• **WORK REQUEST**:
Where in the data below does the word "with" appear? Copy each line that holds it.

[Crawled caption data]

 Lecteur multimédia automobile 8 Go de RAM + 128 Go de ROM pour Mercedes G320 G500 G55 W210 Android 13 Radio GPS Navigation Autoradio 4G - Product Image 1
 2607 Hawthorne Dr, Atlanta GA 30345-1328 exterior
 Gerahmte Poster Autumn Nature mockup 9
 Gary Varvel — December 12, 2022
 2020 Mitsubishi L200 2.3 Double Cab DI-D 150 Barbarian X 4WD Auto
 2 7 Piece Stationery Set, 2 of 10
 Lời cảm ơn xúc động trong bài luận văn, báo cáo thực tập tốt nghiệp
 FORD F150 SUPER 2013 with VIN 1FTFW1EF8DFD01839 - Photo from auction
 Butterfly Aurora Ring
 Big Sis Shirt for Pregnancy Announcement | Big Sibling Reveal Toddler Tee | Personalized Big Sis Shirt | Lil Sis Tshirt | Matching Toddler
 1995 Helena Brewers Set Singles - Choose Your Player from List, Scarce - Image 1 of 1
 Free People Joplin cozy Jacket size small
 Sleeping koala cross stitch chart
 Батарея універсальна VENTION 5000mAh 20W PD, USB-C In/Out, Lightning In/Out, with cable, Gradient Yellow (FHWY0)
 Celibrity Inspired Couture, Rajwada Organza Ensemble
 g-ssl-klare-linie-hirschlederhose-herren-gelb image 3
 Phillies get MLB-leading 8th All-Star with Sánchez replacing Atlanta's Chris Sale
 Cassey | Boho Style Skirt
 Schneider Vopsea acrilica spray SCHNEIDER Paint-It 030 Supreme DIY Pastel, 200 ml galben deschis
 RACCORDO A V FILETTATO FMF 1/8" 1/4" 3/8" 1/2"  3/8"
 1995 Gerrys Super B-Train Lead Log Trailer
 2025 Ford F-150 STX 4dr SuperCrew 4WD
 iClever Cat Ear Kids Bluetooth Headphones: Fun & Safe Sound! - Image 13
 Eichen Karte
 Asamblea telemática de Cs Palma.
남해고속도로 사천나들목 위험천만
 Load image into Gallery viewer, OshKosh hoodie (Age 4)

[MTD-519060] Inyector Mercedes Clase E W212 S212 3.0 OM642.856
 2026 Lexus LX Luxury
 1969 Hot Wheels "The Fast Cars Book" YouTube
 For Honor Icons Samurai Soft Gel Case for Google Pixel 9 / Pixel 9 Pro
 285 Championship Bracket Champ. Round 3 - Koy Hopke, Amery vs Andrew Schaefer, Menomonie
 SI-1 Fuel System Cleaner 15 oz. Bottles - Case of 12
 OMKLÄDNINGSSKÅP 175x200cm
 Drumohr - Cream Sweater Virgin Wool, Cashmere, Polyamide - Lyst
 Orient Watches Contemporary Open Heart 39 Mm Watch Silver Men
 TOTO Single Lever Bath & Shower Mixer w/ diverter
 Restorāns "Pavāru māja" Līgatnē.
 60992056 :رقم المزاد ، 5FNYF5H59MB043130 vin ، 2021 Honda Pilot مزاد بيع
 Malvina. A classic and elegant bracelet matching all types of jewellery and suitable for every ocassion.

• **TASK ANSWER**:
 FORD F150 SUPER 2013 with VIN 1FTFW1EF8DFD01839 - Photo from auction
 Батарея універсальна VENTION 5000mAh 20W PD, USB-C In/Out, Lightning In/Out, with cable, Gradient Yellow (FHWY0)
 Phillies get MLB-leading 8th All-Star with Sánchez replacing Atlanta's Chris Sale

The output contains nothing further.